TASK ITEM: Within the records below is a range that opens at the line with "Источник: годовой отчет компании за 2019 год" and closes at the line with "无敌混江龙韩漫全集-第95话 男人的尊严之战无删减无遮挡章节图片". Return that range word for word, both ends included, and only that range.

DATA FOR PROCESSING:

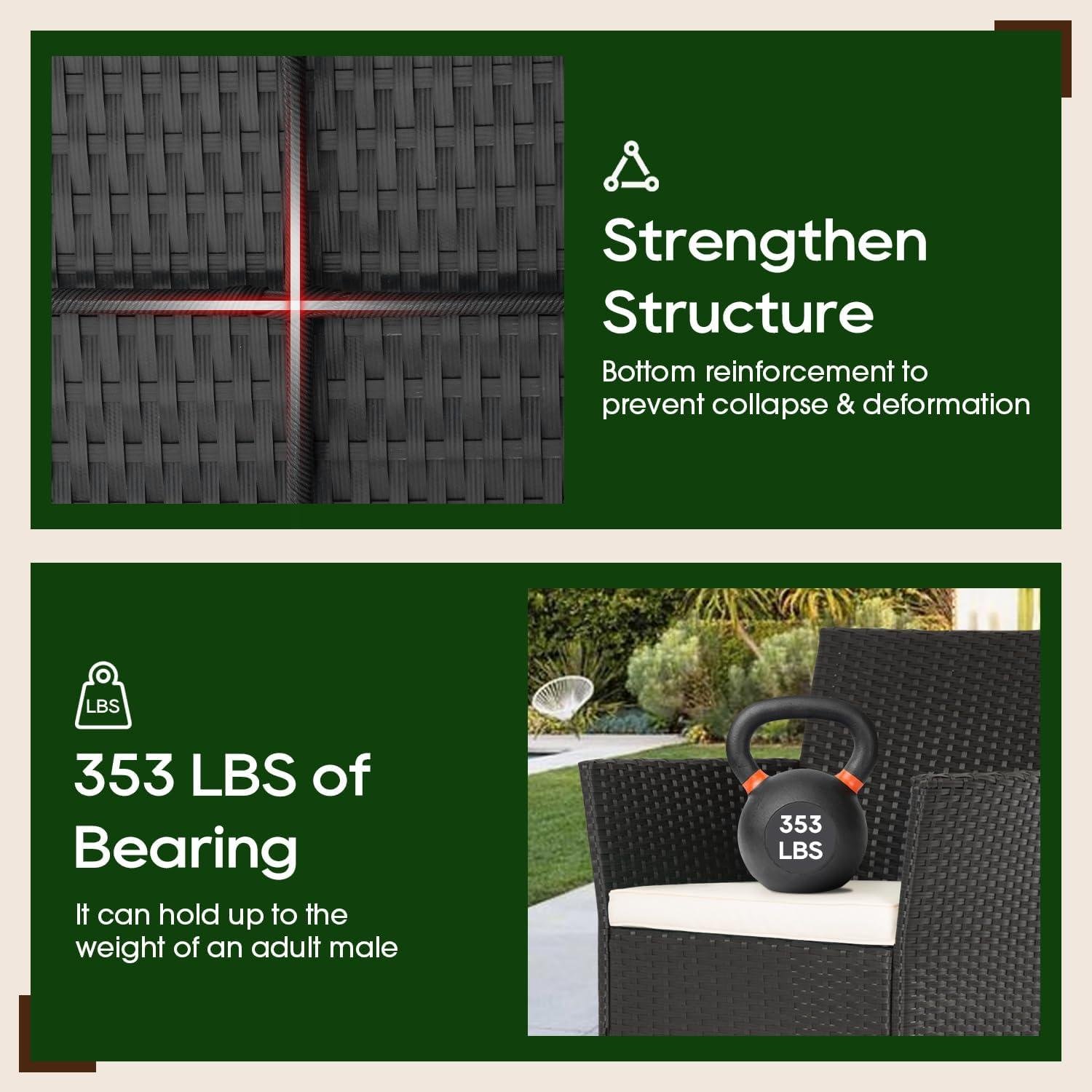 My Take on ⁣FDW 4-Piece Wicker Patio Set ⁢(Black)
...
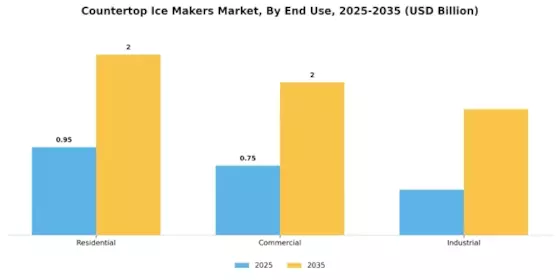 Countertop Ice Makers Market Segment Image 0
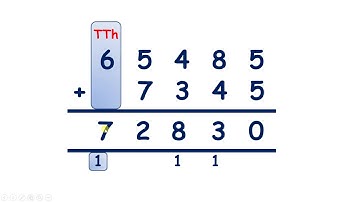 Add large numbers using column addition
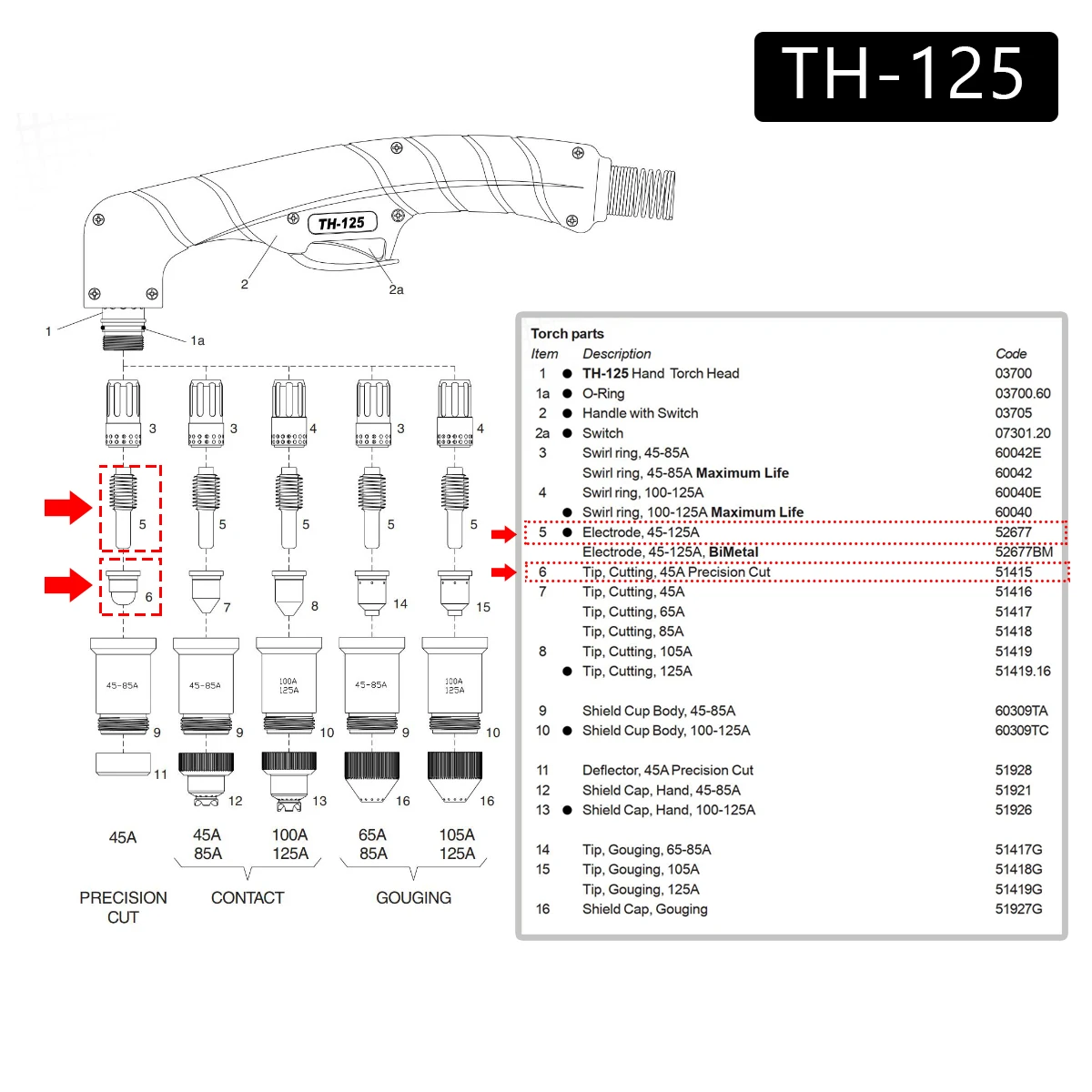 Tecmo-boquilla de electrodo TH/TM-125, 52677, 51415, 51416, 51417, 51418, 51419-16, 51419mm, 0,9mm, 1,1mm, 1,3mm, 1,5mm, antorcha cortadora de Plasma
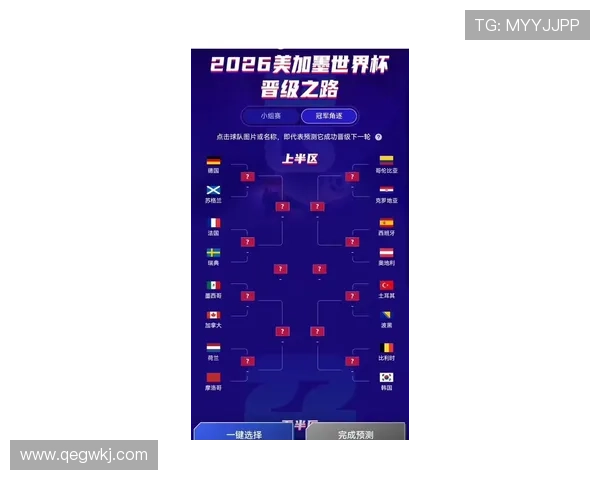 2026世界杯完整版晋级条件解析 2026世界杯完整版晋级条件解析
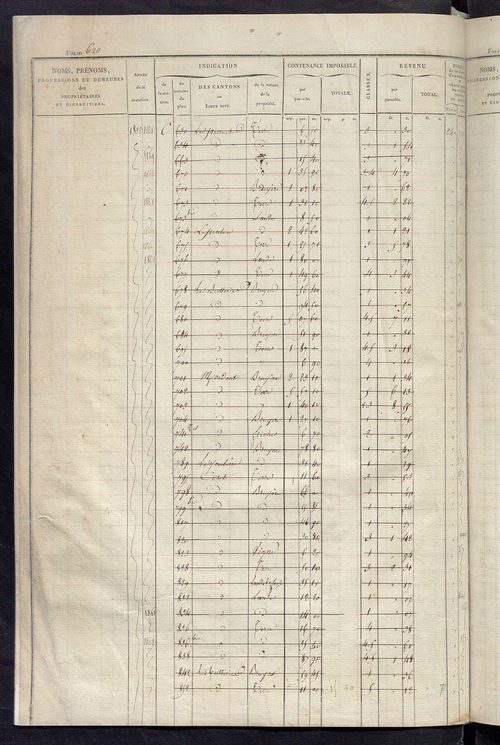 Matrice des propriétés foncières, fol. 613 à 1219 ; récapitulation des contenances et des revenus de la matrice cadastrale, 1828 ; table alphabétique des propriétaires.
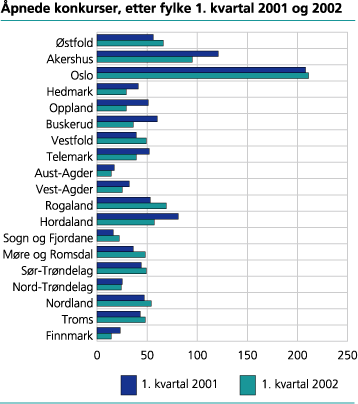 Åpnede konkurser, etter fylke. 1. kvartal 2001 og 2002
---
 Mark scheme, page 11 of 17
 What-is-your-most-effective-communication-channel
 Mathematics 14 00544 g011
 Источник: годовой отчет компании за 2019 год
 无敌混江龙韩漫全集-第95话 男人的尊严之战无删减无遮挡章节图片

WRITTEN ANSWER:
 Источник: годовой отчет компании за 2019 год
 无敌混江龙韩漫全集-第95话 男人的尊严之战无删减无遮挡章节图片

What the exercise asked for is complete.